The Wikipedia article contains just a short note about converting between pointers and integers. I tacitly assumed (and now am making it explicitly stated) that the pointers are first converted to and integer type of sufficient size to fit them, then XORing is done on the integers. The properties of XOR listed under Theory of operation thus guarantee that only integers obtained once from pointers will be converted back to them. The actual mapping from pointers to integers can be, per the standard, an arbitrary injection. I don't rely on any assumption beyond that.

Does the standard allow to use them and access the still existing objects? Before C++17? Since C++17?

ByteEater
  • 885
  • 4
  • 13
  • 5
    First question: Why would you want to? – tadman Jul 13 '23 at 22:08
  • As a particular C++ implementation, GCC [says](https://gcc.gnu.org/onlinedocs/gcc/Arrays-and-pointers-implementation.html) that you "may not use integer arithmetic to avoid the undefined behavior of pointer arithmetic", but I'm unsure, if it's applicable to the situation with XOR. I think it very depends on the definition of "casting from pointer to integer and back again" – oficsu Jul 13 '23 at 22:10
  • In C I think you are fine if you use `uintptr_t`. Not sure if C++ is the same. – Nate Eldredge Jul 13 '23 at 22:43
  • 1
    @oficsu: That note is in reference to using arithmetic to produce a *different* pointer than the one you started with. In this case, the arithmetic gets us back the *same* pointer. – Nate Eldredge Jul 13 '23 at 22:43
  • The comments under the question claim that compilers didn't actually allow it (i.e. ignoring pointer provenance) before, so if it worked back then, it will surely work now. Side note: it seems the standard is slowly adjusting (relaxing) pointer/lifetime rules to match what the compilers are actually doing, not the other way around. – HolyBlackCat Jul 13 '23 at 22:50
  • I've edited the question and explained that I mean converting to and from integers and dereferencing as the operations involving pointers; the XORing is on integers (of a large enough type). – ByteEater Jul 14 '23 at 03:01
  • @tadman, it's an optimization, you keep one integer instead of two pointers at each node. Also, as a learning experience. – ByteEater Jul 14 '23 at 03:04
  • 1
    @tadman just to see if it can be done, of course :) – Jeremy Friesner Jul 14 '23 at 03:08

3 Answers3

5

It's implementation-defined, and still valid in C++17, at least for GCC. You cannot perform an xor operation between two pointers directly; you would have to go through reinterpret_cast<std::intptr_t>. The effect of this conversion (and back) is implementation-defined.
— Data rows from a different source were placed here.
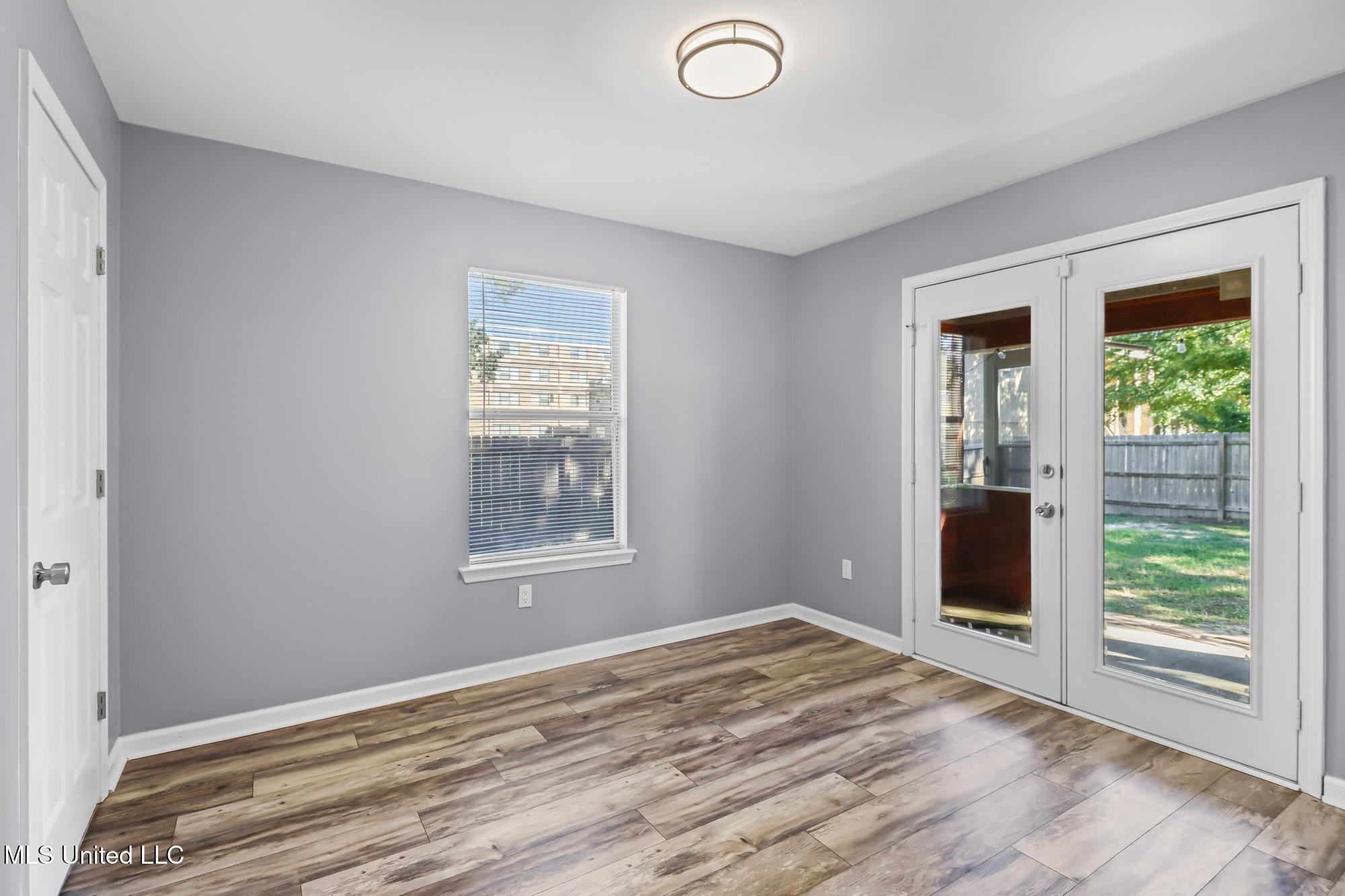 398 Nelson Road Biloxi, MS 39531 - Photo 14 of 20 IMG_3506_web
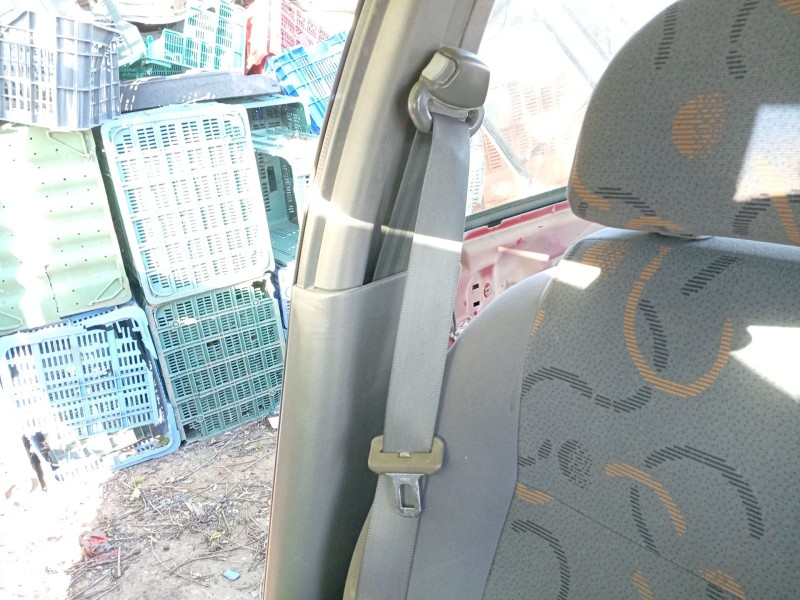 Recambio de cinturon seguridad delantero derecho para daewoo kalos (klas) 1.4 referencia OEM IAM 96395488  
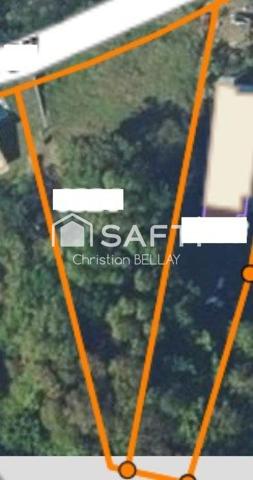 Terrain 1 775 m² constructible – Le François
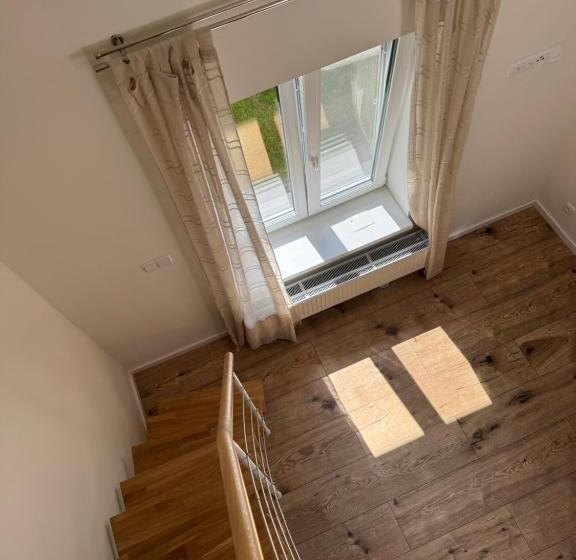 חדר סטנדרט לארבעה, Tkalcovna U Zlatého Potoka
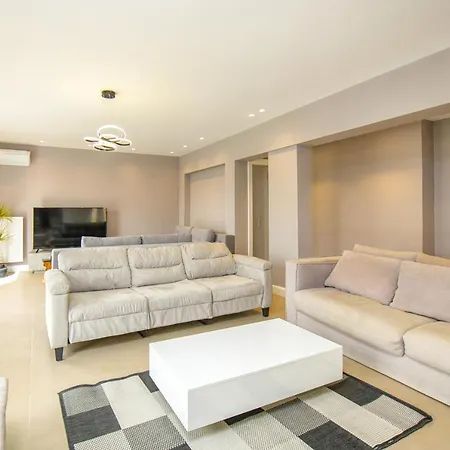 Scorpios Villa Kynopiastai
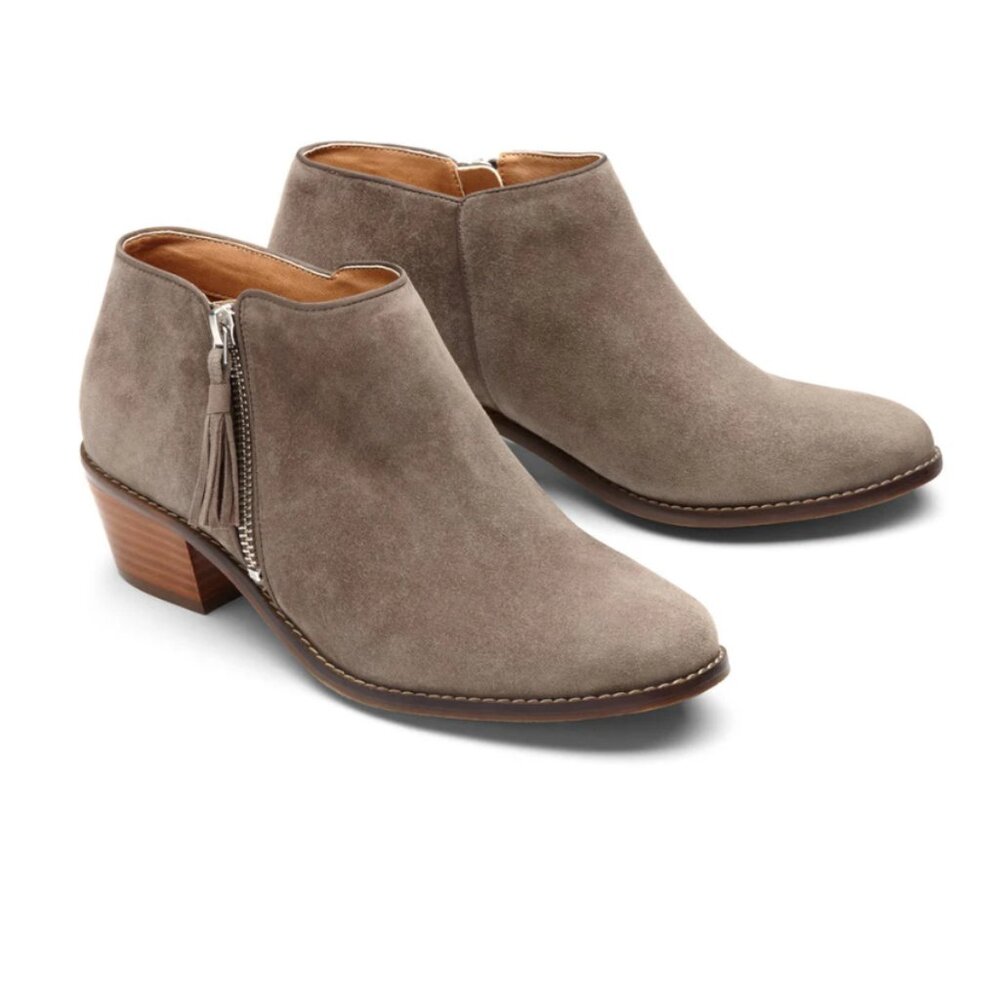 Vionic Serena Ankle Boot in Greige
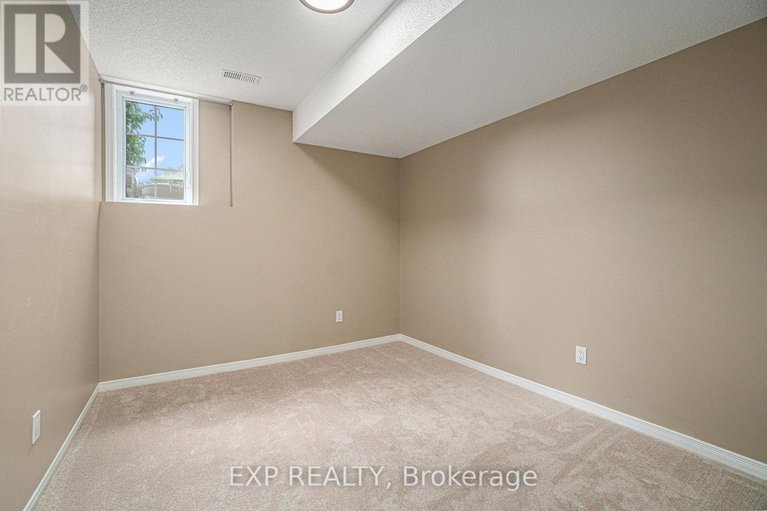 28354843/121-5-70-edenvale-dr-drive/beaverbrook/ottawa/ontario/K2K3N7_15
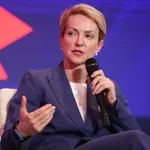 Σδούκου κατά Τσίπρα: «Δεν μπορεί να δηλώνει περήφανος για τη διακυβέρνησή του αλλά φορομπήχτης»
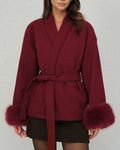 Chaqueta con Capucha en Tonalidad Rojo Vino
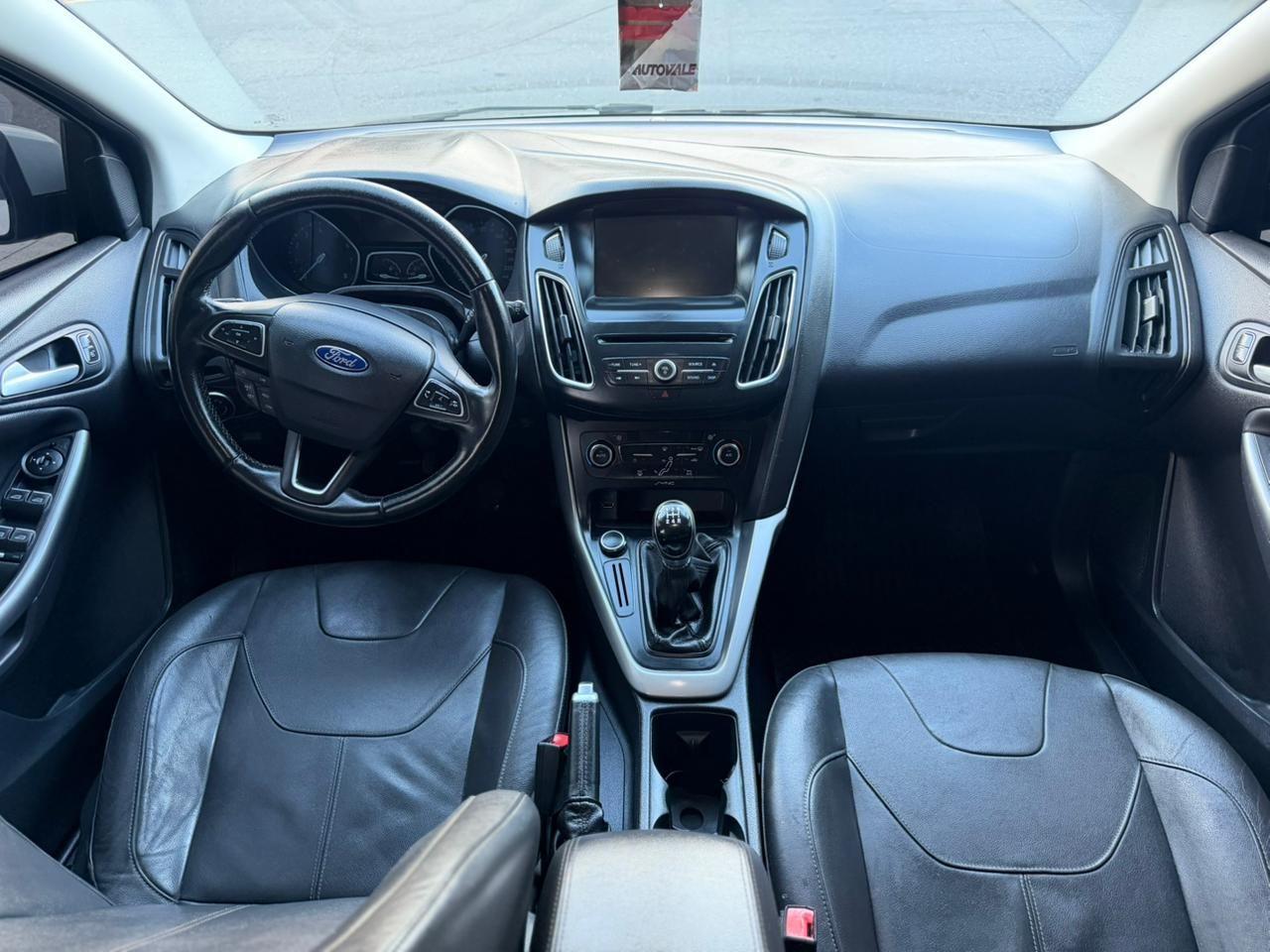 FORD Focus Hatch - Foto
Implementation-defined means that the compiler must document what happens. What GCC provides is:

A cast from pointer to integer discards [...], otherwise the bits are unchanged.

A cast from integer to pointer discards [...], otherwise the bits are unchanged.

When casting from pointer to integer and back again, the resulting pointer must reference the same object as the original pointer, otherwise the behavior is undefined.

See https://gcc.gnu.org/onlinedocs/gcc/Arrays-and-pointers-implementation.html

From this description, we can conclude that:

  1. the user ensures that the object at the address stays the same between storing pointers in an XOR list and retrieving them
    • if the pointed-to object changes during this process, casting the integer back to a pointer is undefined behavior
  2. converting one past the end pointers, null pointers, and invalid pointers back and forth isn't explained here, but "preserves the value" according to the C++ standard

Implications for an XOR-list

Generally, this should make XOR-lists implementable, as long as we reproduce the same pointers that we stored, and don't "rug pull" nodes while there are XORed pointers to them.

std::intptr_t ptr;

// STORE:
// - bit-cast both operands and XOR them
// - store result in ptr
ptr = reinterpret_cast<std::intptr_t>(prev) ^ reinterpret_cast<std::intptr_t>(next);

// LOAD:
// - XOR stored ptr and bit-cast to node*
node* next = reinterpret_cast<node*>(ptr ^ reinterpret_cast<std::intptr_t>(prev));
// valid dereference, because at the address 'next', we still store the same object
*next;

As stated in the documentation, next "must reference the same object as the original pointer", so we can assume that next is now a pointer to an object, if such a pointer was originally stored in ptr.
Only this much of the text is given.